Reproducible assignments with R-markdown
Introduction
I tweeted earlier Today about
Evaluating 22 assignments of my MSc course that students handed in as html, and Rmd + raw data. I can reproduce each of them!
— Edzer Pebesma (@edzerpebesma) April 13, 2017
for my course Analysis of Spatio-Temporal Data in our MSc program Geoinformatics. Barry kindly answered:
@edzerpebesma It would be nice to see a write-up of how you get students to this level of competence.
— Barry Rowlingson (@geospacedman) April 13, 2017
Well, here you go!
The course
The course has a a goal to get familiar with what spatio-temporal data is, and how you can analyse it, with emphasis on using R. Analysis methods focus on spatial statistical methods (point patterns, geostatistics, lattice data) and analysis of movement data. The course consists of lectures and exercise meetings; for exercise meetings students were supposed to hand in short assignments. The larger final assignment is individual, and is like a small, reproducible research paper and forms the basis for the final grade.
Instead of (or: in addition to) working with pre-cooked examples
that use data from a particular package, loaded by data(dataset)
,
I encouraged students from the beginning to look for datasets
themselves, and import them in R. This way they learn, and learn
from one another
- how datasets look like in the wild
- how they are imported in R
- the hoops they have to go through to get time or date variables right, e.g. by using
as.POSIXct
orstrptime
and - troubles that coordinates may give, e.g. their projections or degrees-minutes-seconds notation.
as well as challenges related to applying methods:
- time series analysis does not work if you have very short time series
- periodicities are often absent in yearly data, but present in sub-yearly (daily/weekly/monthly)
- spatial correlation is hard to assess with a handful of observations
- not all point-referenced datasets are meaningful input for point pattern analysis, or for geostatistical analysis
- most point pattern software assumes Carthesian coordinates, but does not check for this
Reproducing
I’ve asked students to hand in assignments as R markdown files so that I can not only see what they did, but also redo what they did. I’ve asked them specifically to
- work in a separate directory for each assignment, using lastname.assignmentNumber as directory name
- include the R markdown file, data sets, and the output (html or pdf)
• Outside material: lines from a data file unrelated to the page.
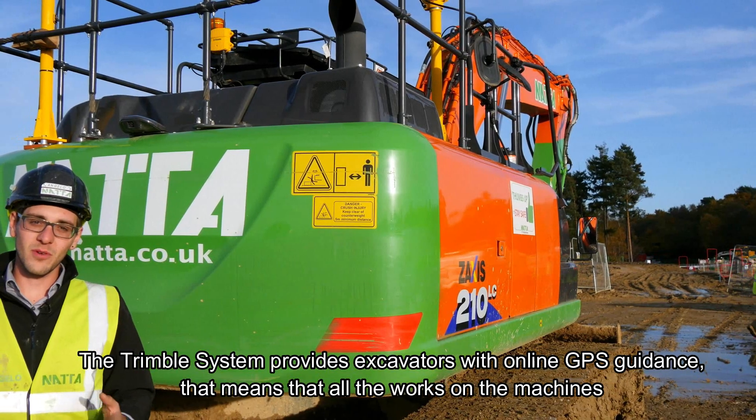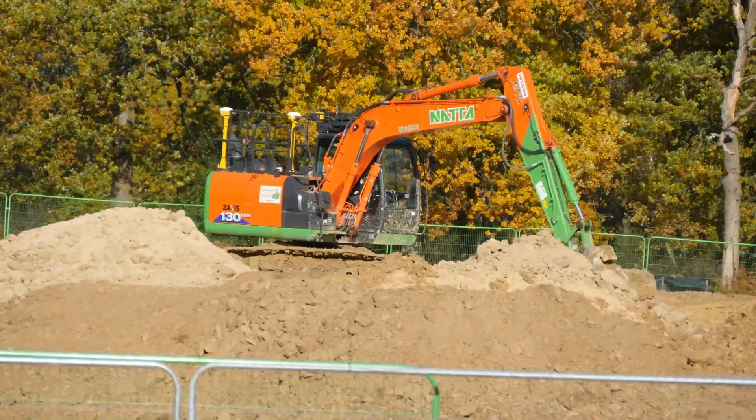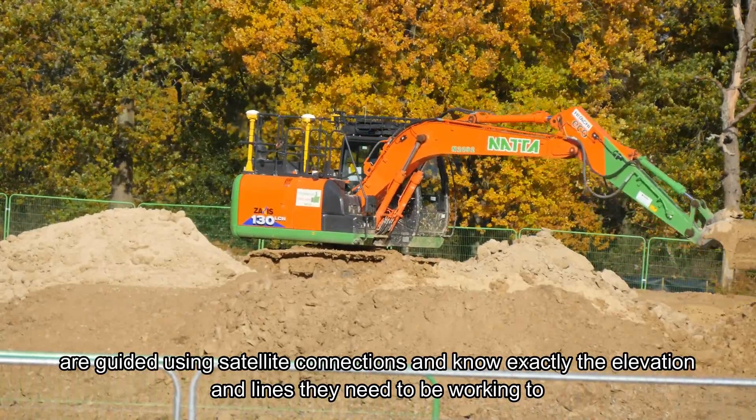The Trimble system provides excavators with online GPS guidance. All the machines are guided using satellite connections and know exactly the elevation and the lines that they need to be working to.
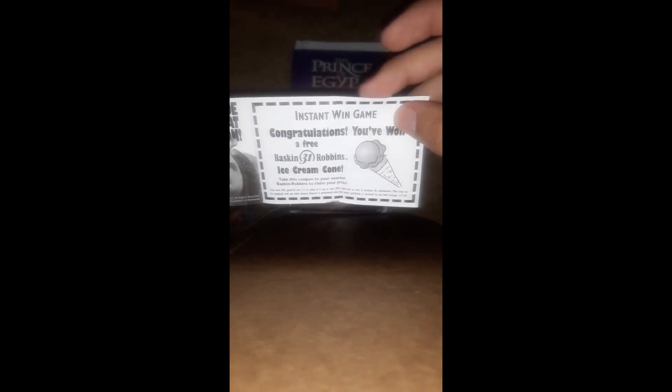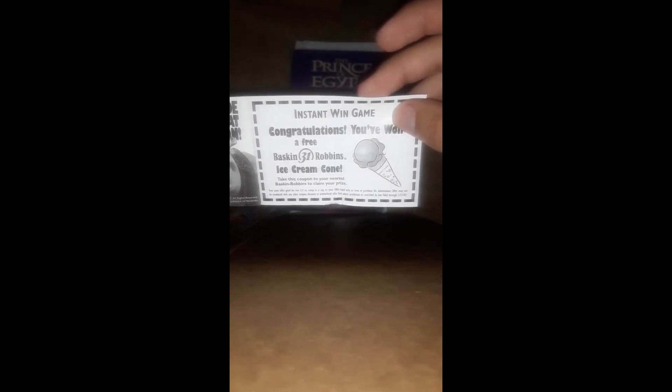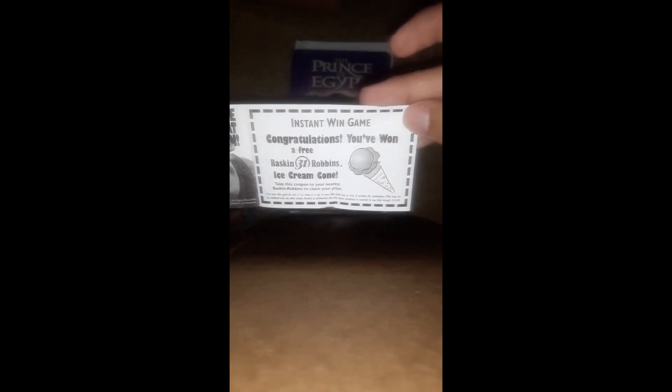A free ice cream cone! Well, time to go to my nearest Baskin-Robbins. Thanks for watching.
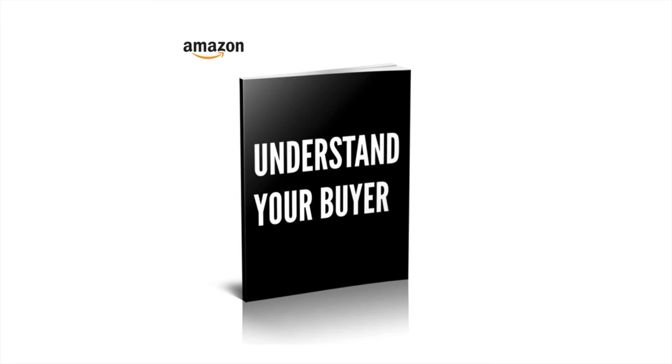Well, that's it for another Understand Your Buyer video. If you like this kind of stuff, you'll definitely like the book, which you can buy at understandyourbuyer.com.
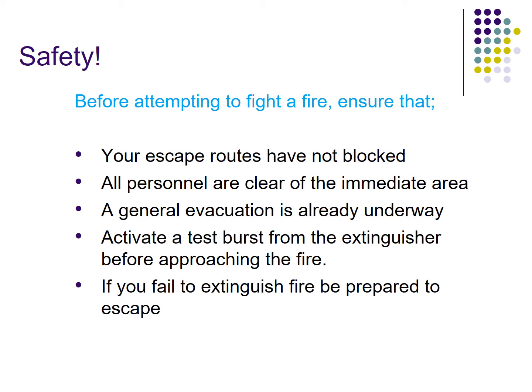Also make sure to activate a test burst from the extinguisher before approaching the fire. Before using the fire extinguisher, test it first — squeeze it to confirm it is working, then go near the fire. If you fail to extinguish the fire, be prepared to escape. If you feel the fire cannot be controlled, you must leave the area.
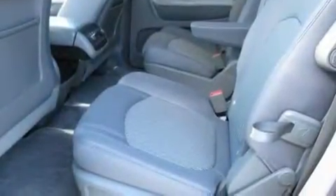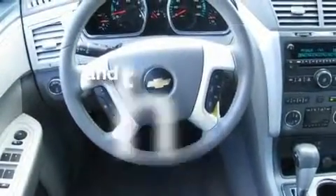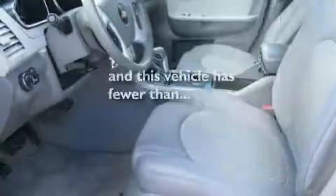Aluminum wheels, a rear spoiler, a low-tire pressure indicator, a power rear liftgate, and this vehicle has fewer than 31,000 miles on the odometer.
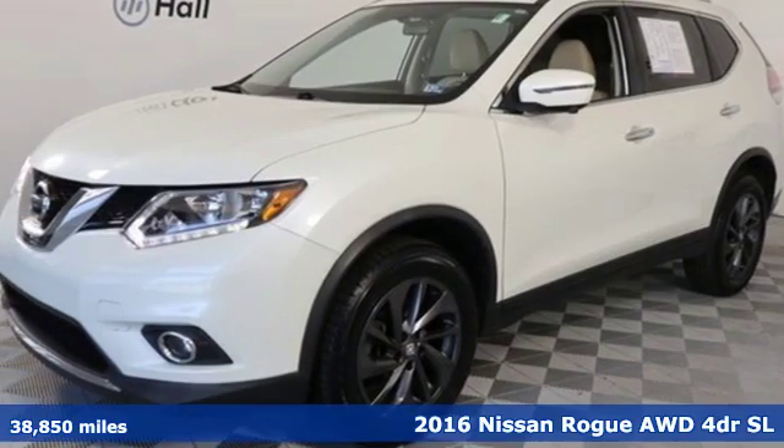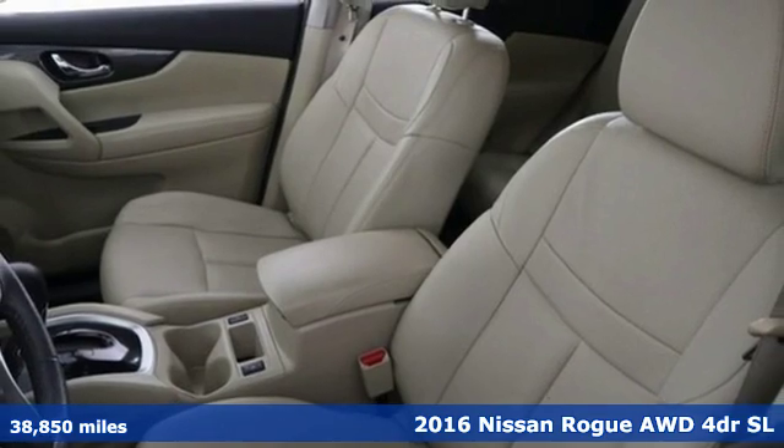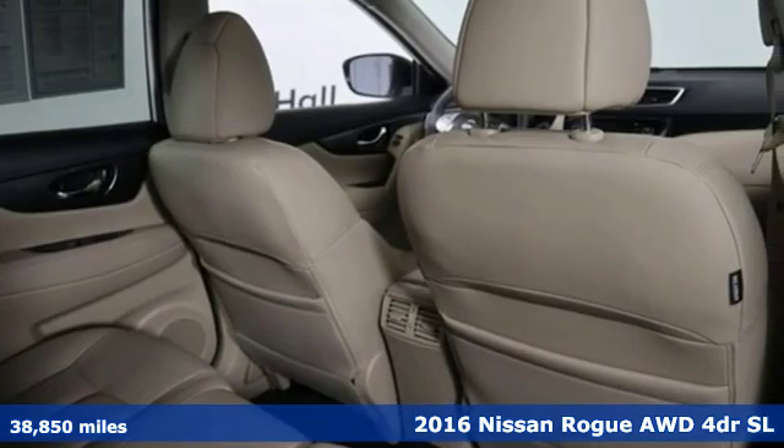It's a 2016 Nissan Rogue. Nissan, built for the human race. And with features like these, every drive is a pleasure.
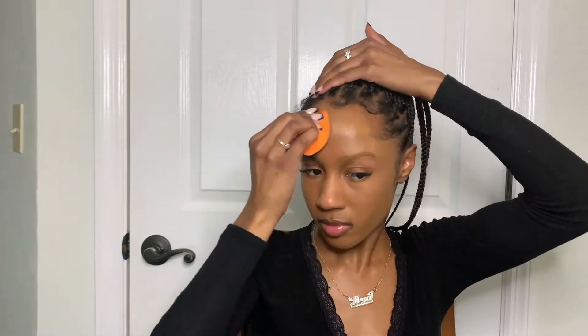Y'all, don't even look at my baby hairs right now — it's been a long day, but I fixed them at the end of the video.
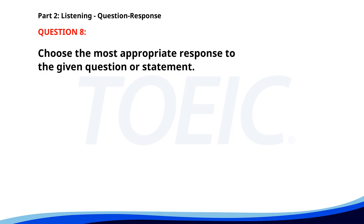Number 8. Who is responsible for today's meeting agenda? A. Yes, I will attend the meeting. B. The meeting starts at 2 p.m. C. John created it. The correct answer is C: John created it.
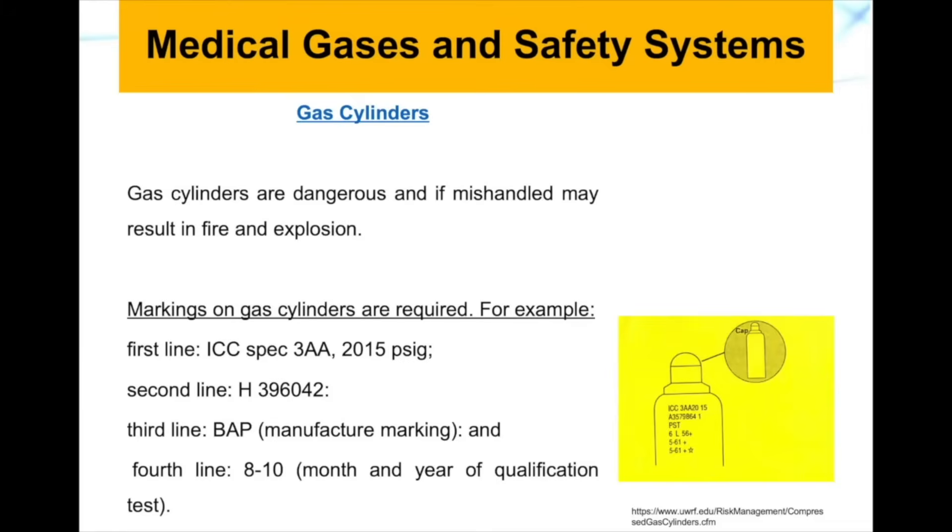Gas cylinders are dangerous and if mishandled, they can result in fire and explosions. It's important to understand what is written on these cylinders. Cylinders have markings, and on the first line you will see the specification of which type of cylinder you are dealing with, as well as the date and the pressure in pounds per square inch gauge.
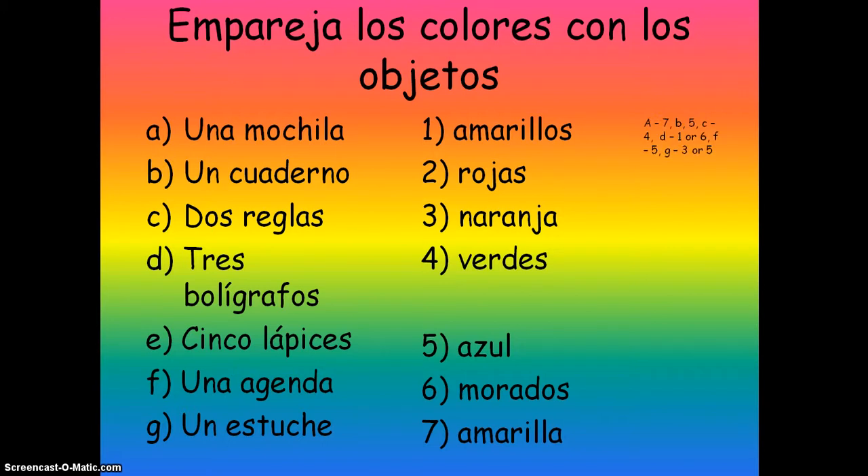The answers: mochila would go with amarilla because it's got an A on the end, or azul because that has no feminine ending, or naranja. Un cuaderno would go with azul or naranja as well, because neither of those have a feminine ending — naranja naturally has the A on the end. Dos reglas: the AS on the end tells us it's got to be feminine plural, and the only one like that is rojas, or you could have verdes.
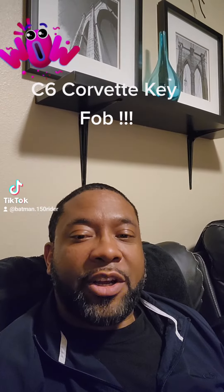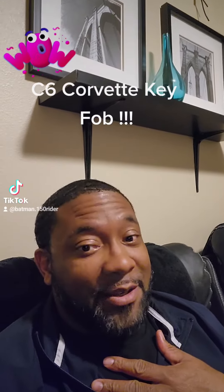Hi y'all, Alfred here, aka Batman. I got some exciting news — exciting for myself. I just recently bought a 2007 Corvette. It's a C6 model, base model.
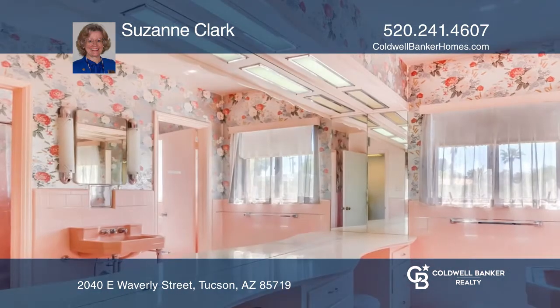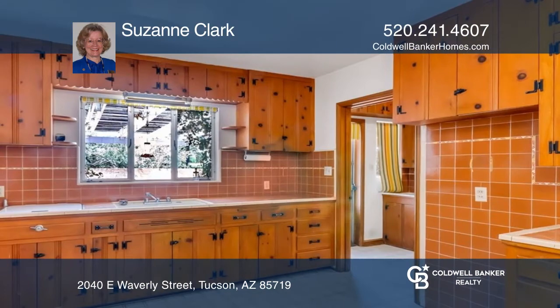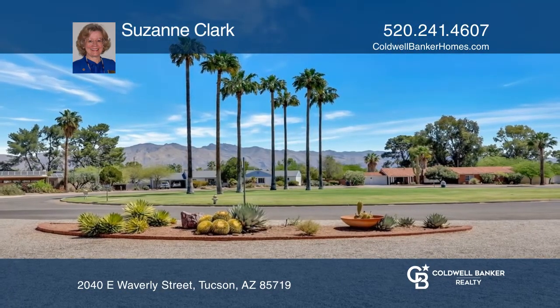Featuring vaulted beamed ceilings, pine kitchen cabinets, artistic quarried tile floors, a cedar closet, and custom wrought-iron touches. See this beautiful home yourself by scheduling a tour with Suzanne Clark.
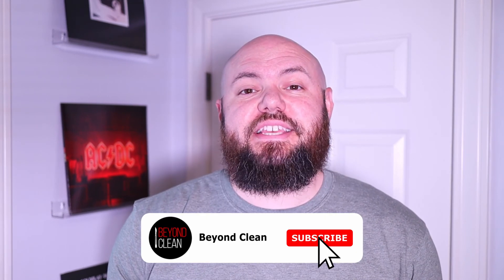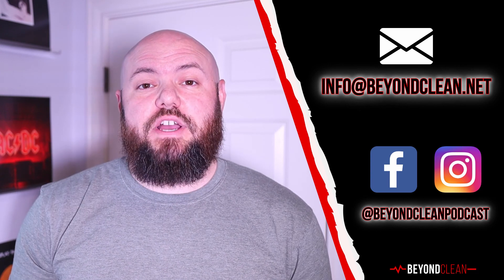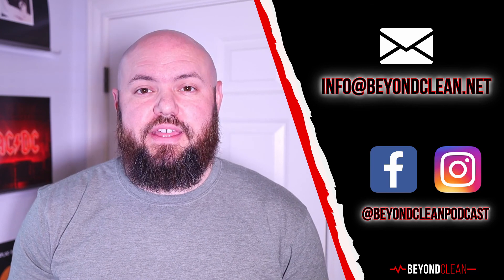Here at Beyond Clean, we are privileged to bring you excellent sterile processing content every single week. If you're new to the channel, please hit that subscribe button so you don't miss a future video, and hit that like button to let us know you appreciate the content. Thanks for watching and spending time with us — we'll catch you in the next video.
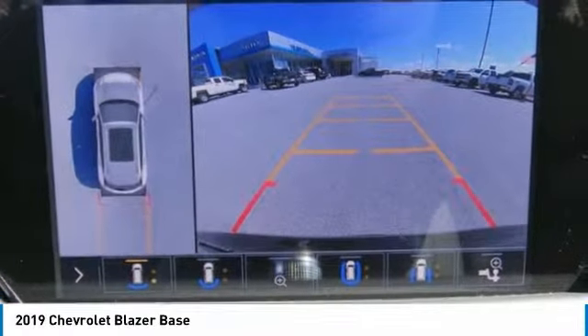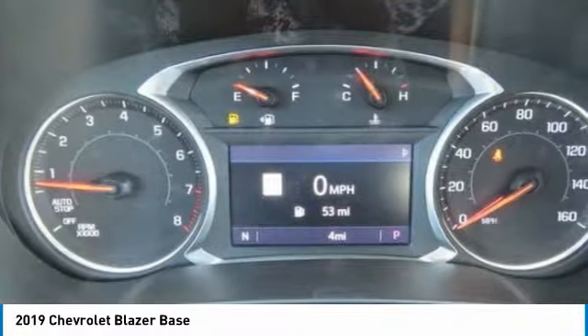If affordable style and reliability are what you're looking for, this vehicle couldn't be more perfect. Drive it today.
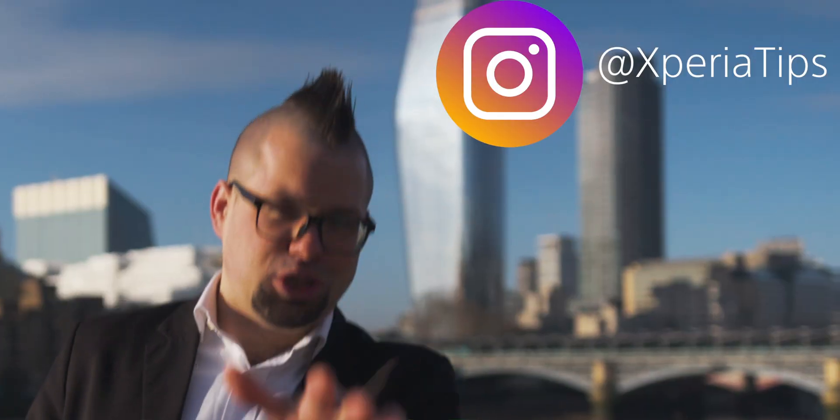We need our handsets all the time. We can't afford to have any down time where we're not reachable. And let's face it, some of us just can't live without Facebook, Instagram — by the way, you should totally follow Xperia Tips on Instagram. And for some of us, it's vital that we get the latest news and updates.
- not set paths in the R markdown files
- not use absolute paths to data files
- not use
install.packages
in their R markdown file - zip this directory and submit it to the moodle system
I’ve also demonstrated for the whole group how things work when I reproduce this, and showed them where things go wrong. For reproducing, I have to
- download the zip, and unzip it
- go into the directory
- double-click the R-markdown file, so rstudio starts in the right directory
- click Knit to run the R markdown file and create the output html
For the final assignment, several students ended up with data sets
larger than the maximum allowed upload size; they then gave me a
link to a download link. Several students saved the result of a
long computation to a .RData
file, uncommented the long running
section, and loaded the .RData
instead, to limit run-time while
writing the assignment. They warned me in case run times was long.
If anyone can think of a simpler workflow (for me, or for the students) I’d very much like to hear it!